Children with autism get NO health insurance coverage for illnesses related to their autism. Autism is classified as a psychiatric illness, not medical. Also, Speech, OT, PT, ABA therapy (proven to help kids with autism) are NOT covered under insurance either. Parents are going broke caring for their child(ren) with autism. Yours truly included. Private autism schools run about $90,000 a year.

More kids will be diagnosed with autism in 2006 than childhood cancer, diabetes, CF, MD, Spina Bidifida, Downs, luekemia COMBINED. 1 in 166 births today, 1 in 90 boys versus 1 in 10,000 20 year ago. And these kids will require LIFETIME care costing YOU dear reader a boatload of money over the the next 75+ years.

Then there's that charming chap in Florida, Foley (R) who resigned after having sent inappropriate emails to an underage page. A predator on the committee to protect children from child molestation. Perhaps the Pope with give him a position in the Vatican like our pal from Boston, Cardinal Law?

It's Yom Kippur, think any one who SHOULD WILL atone?

More reasons to get my book published. There's a message in them thar pages, people. Now, to find the agent will will decode that.

Shalom, friends.

Sunday, October 01, 2006

Did you lean in? Are you still with him/her?

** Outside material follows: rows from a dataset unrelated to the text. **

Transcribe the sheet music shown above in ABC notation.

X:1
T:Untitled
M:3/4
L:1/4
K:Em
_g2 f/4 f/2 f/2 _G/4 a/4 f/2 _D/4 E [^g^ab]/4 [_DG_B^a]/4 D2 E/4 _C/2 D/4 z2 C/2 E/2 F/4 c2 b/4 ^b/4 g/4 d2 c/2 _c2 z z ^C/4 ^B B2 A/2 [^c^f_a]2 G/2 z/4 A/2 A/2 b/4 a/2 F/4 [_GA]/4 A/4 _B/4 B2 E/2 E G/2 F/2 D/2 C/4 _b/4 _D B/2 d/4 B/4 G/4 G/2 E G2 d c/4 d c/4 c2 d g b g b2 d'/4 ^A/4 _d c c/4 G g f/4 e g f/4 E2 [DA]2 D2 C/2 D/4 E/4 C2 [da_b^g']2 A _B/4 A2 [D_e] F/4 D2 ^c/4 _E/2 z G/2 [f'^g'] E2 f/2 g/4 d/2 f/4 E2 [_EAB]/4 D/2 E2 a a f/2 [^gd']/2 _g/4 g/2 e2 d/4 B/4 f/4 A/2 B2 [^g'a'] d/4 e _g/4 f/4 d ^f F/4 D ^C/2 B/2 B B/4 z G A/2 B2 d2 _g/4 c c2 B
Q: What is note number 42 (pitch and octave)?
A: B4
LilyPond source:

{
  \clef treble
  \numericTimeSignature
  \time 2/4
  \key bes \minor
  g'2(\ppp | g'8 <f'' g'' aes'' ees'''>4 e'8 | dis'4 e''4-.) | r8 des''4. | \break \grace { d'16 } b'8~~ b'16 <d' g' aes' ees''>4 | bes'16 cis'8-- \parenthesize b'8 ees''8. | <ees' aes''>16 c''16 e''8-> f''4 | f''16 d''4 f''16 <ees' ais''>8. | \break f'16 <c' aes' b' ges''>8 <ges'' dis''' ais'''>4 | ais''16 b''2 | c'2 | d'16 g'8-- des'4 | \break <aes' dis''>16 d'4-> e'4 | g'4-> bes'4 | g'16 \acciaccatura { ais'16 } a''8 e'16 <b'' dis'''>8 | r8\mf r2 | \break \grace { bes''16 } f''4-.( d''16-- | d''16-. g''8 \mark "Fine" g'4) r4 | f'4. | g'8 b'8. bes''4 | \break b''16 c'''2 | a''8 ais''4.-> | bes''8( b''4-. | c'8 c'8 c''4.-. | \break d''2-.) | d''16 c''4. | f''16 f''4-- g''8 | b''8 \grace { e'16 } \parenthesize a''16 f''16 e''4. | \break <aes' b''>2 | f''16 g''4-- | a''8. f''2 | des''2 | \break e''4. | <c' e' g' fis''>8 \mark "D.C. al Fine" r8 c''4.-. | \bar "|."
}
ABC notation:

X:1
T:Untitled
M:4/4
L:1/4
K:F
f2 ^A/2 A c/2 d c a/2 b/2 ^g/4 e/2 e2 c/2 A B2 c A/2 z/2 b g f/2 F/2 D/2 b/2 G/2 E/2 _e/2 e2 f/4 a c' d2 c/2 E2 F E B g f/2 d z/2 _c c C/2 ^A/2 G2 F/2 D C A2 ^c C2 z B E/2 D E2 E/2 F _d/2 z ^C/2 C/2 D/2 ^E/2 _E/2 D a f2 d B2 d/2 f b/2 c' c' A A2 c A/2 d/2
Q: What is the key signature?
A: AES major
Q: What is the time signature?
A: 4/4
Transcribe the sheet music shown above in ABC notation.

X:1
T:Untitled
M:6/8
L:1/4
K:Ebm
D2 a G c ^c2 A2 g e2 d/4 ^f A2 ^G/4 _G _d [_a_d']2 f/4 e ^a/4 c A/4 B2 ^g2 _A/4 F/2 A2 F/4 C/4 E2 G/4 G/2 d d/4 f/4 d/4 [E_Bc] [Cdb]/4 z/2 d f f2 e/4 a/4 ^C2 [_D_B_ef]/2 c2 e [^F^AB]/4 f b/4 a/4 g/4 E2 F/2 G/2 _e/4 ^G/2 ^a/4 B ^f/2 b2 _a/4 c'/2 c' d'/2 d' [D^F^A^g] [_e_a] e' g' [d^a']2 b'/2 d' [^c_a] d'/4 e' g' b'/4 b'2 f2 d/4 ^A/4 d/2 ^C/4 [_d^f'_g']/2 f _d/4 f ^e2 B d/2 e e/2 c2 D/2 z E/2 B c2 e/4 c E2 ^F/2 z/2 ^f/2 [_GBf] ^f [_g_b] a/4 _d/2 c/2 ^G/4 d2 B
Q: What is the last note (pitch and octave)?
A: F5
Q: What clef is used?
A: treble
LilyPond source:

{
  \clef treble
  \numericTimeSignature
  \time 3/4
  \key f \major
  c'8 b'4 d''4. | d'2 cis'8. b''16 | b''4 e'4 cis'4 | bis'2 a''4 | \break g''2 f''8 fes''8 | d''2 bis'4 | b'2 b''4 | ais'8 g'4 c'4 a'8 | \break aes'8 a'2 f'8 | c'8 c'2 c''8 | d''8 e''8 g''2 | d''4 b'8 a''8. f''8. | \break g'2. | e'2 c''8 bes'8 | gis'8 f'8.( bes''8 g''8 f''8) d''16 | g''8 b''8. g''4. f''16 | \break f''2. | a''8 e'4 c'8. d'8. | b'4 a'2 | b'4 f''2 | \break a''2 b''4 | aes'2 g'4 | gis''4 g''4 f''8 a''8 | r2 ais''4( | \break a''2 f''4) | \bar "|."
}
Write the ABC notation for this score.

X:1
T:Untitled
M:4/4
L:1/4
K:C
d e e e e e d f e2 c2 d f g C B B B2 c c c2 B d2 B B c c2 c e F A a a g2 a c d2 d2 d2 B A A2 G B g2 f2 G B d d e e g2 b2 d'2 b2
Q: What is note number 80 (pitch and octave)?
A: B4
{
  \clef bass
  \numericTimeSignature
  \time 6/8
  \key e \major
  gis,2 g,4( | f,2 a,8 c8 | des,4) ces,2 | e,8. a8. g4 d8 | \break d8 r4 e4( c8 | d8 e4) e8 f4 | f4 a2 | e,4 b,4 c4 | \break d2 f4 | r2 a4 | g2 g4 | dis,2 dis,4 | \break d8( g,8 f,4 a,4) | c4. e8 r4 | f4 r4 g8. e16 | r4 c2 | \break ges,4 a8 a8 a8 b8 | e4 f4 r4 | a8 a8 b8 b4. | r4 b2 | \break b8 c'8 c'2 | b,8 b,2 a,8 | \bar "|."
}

I was reading the NYT wedding announcements this morning and took my usual test. How many couples are leaning into each other - touching heads. How many are apart - by how much. And worse, now many wedding announcements exclude the groom altogether? Are those the worst Bridezillas or what? Look "I" had a wedding!

Check the announcements in your own newspaper and check out your own photos. Still married? Still leaning in? I hope so.